DATASET EXCERPTS »
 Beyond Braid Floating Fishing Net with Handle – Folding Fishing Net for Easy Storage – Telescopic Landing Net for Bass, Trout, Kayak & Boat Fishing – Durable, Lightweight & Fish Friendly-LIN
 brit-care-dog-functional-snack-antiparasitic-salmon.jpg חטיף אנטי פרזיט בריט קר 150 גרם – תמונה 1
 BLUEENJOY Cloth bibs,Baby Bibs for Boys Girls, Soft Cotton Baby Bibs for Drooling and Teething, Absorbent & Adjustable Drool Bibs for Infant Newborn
---
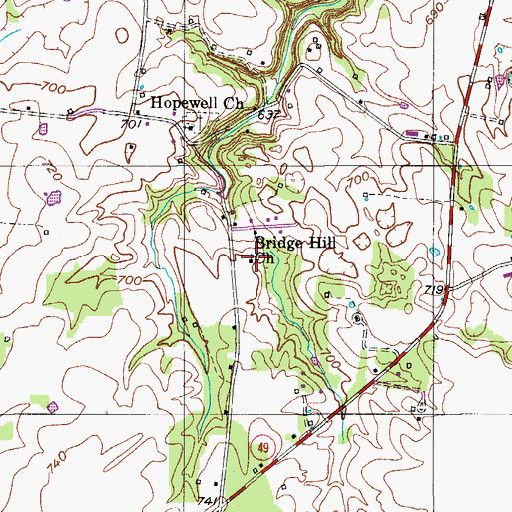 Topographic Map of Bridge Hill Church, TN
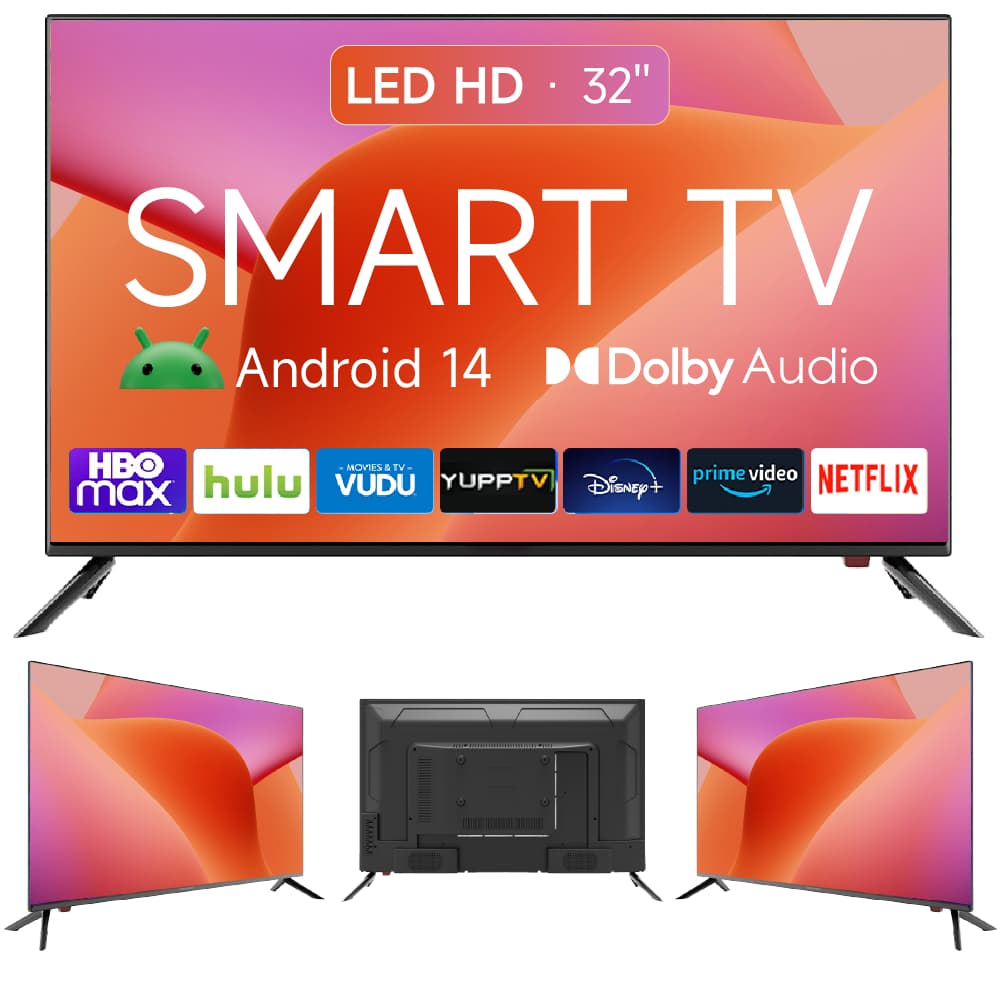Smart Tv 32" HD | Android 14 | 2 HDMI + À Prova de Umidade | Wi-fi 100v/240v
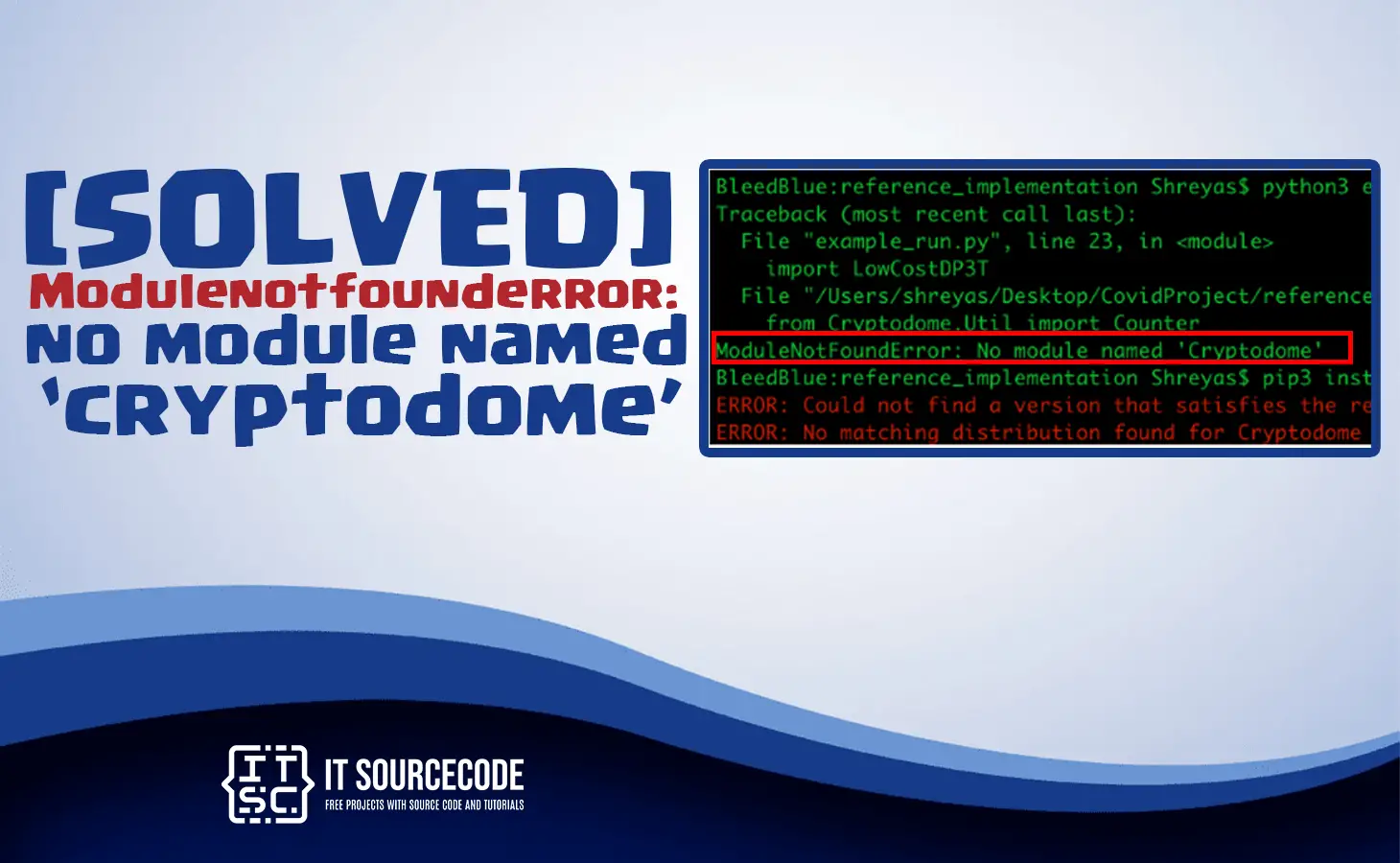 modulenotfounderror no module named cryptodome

PROBLEM »
Of all the entries above, repeat only the lines from the line that has "גרם – תמונה 1" to the line that has "BLUEENJOY Cloth bibs,Baby", both lines included, exactly.

SOLUTION FOR THIS PROBLEM »
 brit-care-dog-functional-snack-antiparasitic-salmon.jpg חטיף אנטי פרזיט בריט קר 150 גרם – תמונה 1
 BLUEENJOY Cloth bibs,Baby Bibs for Boys Girls, Soft Cotton Baby Bibs for Drooling and Teething, Absorbent & Adjustable Drool Bibs for Infant Newborn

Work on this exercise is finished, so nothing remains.